And therein lies another
kind of infinity: death. Assuming that nothing awaits us in the afterlife, the
termination of our lives represents a kind of eternity. It’s an eternity of
nothingness, but an eternity nonetheless.

**Infinite In All Directions **

But while infinity can be
used as a helpful conceptual tool, it’s also something that may be physically,
tangibly real — especially when considering some of the freakier aspects of philosophy, cosmology and metaphysics.

Take for example the eerie
findings of string theory. Though controversial, the theory suggests the
presence of 10 or 11 spacetime dimensions. The extra six or seven dimensions
could be compacted at an insanely small scale, or our universe could be located
on a D-brane — a dynamic (3+1)-dimensional object. Columbia University
physicist Brian Greene argues that these branes could support parallel
universe, giving rise to the multiverse hypothesis and the potential for an
infinite set of braneworlds; these worlds aren’t always
parallel and out of reach, resulting in constant collisions that cause an infinite
succession of Big Bangs.

And indeed, we’re not
certain if the universe (or multiverse) has an end — or a beginning for that
matter. Perhaps it’s always been here and it always will.

We’re also not sure about
the shape of space-time. If it’s flat, then it could stretch out for an
infinity — but it must start repeating at some point owing to the finite number
of ways particles can be arranged in space and time. If this is the case, then
there are an infinite number of universes.

Quantum mechanics also
suggests an infinite universe. Everett’s Many Worlds Interpretation (MWI)
states that the universe branches off into distinct worlds to accommodate every
single possible outcome. We may live in an infinite web of alternate
timelines.
This raises some interesting
— if not deeply troubling — issues.

**The Math of the Matter **

Lastly, infinity is
used in math — though not without controversy. It’s often
mistaken for a number or a singular entity, but it’s more a label that can be
used to describe a variety of mathematical objects and concepts that are larger
than anything that can be physically or conceptually expressed in the real
world. More simply, it’s a term that can be given to any non-finite number or
groups of numbers. And indeed, the whole point of it is that it *can’t* be
characteristized as there is no end to it.

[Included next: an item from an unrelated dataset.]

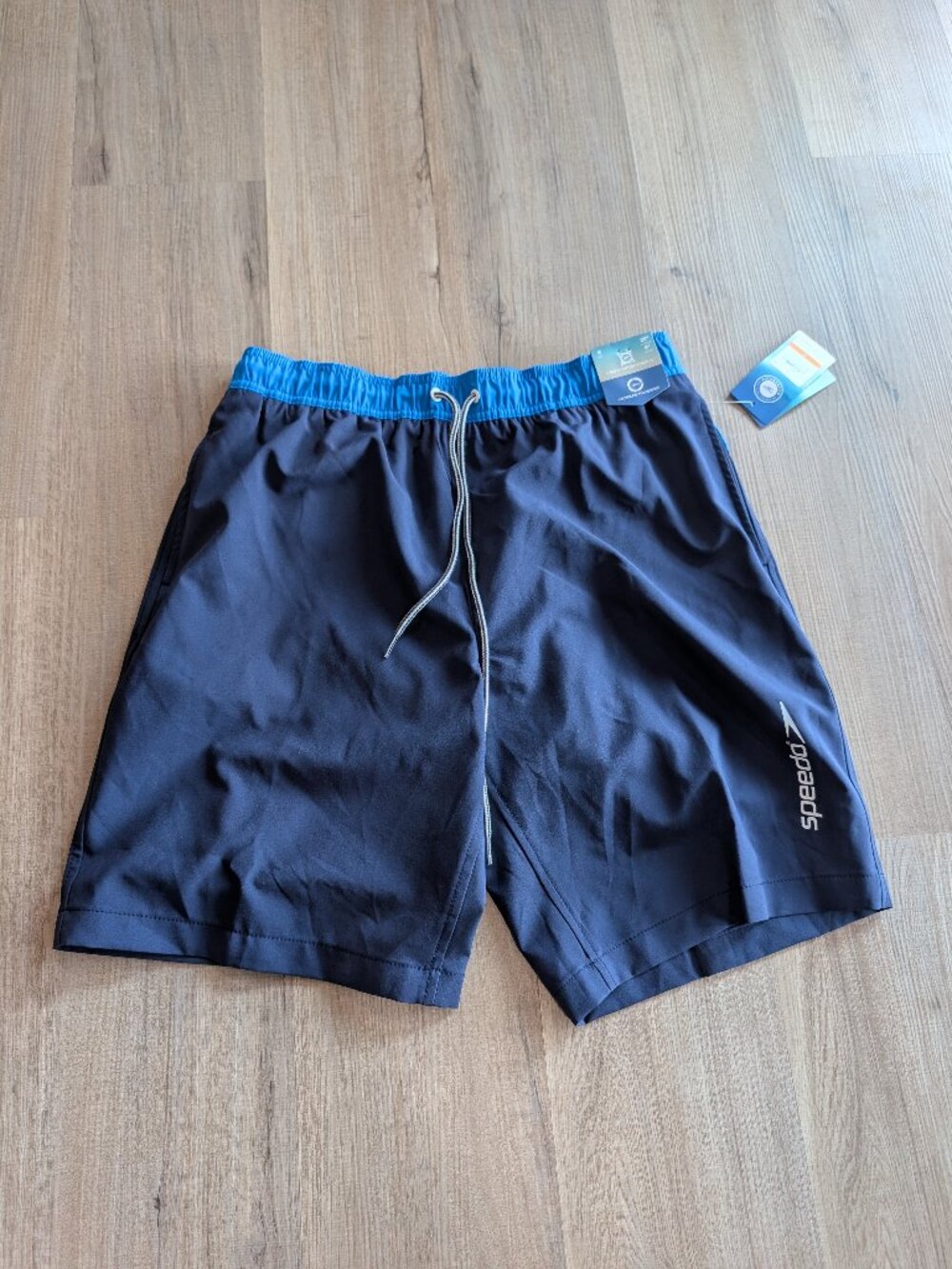 Speedo Men's 9" Swim Shorts - Blue Size Small - NWT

There are two distinct areas
in which infinity is used in mathematics, namely set theory and topologies
(there are others as well, like limits and algebra, but we’re not going to
discuss those at this time).

**Fun With Sets **

Set theory, in which numbers
with corresponding items can be grouped into sets, shows that there are
multiple types of infinities and that some are bigger than others — a
surprising result to say the least. Back in the 19th century, Georg Cantor used
this insight to describe two different kind of infinities, countable and
uncountable.

Countability describes
anything that can be lined up such that it can be numbered; all sets that can
be put into a one-to-one correspondence with natural numbers can be considered
countable.
Expand

*Image: Rasmus Holmboe
Dahl/Shutterstock.*

In set theory, this would
include a group like {1,2,3,4} and {banana, cake, fork, napkin) — a set with a
cardinality of 4 (i.e. the size of a set). Some of these countable sets are
infinite (called enumerable infinities), like the set of all integers (yes,
members of a countably infinite set can be counted, even though it would take
an infinity to do so). But because a single number cannot describe the size of
an infinite set, Cantor used the term aleph-0, or aleph-null (aleph being the
first letter of the Hebrew alphabet) to signify the cardinality of an infinite
set.

Indeed, aleph-0 is a
cardinal number despite the fact that infinity should not be considered a
number; but numeration can in fact be extended to infinite quantities so long
as consistent definitions are maintained. Needless to say, infinite cardinal
numbers don’t follow the same mathematical rules as finite number — you can’t
just throw them into an equation and hope for the best.

Aleph-0 can include such
sets as the set of all prime numbers, all rational numbers, all algebraic
numbers, the set of binary strings of all finite lengths, and the set of all
finite subsets of any countably infinite set.

Interestingly, the number 2
is a countable infinity. It’s a number that can be physically realized, but it
consists of an infinite number of fractions.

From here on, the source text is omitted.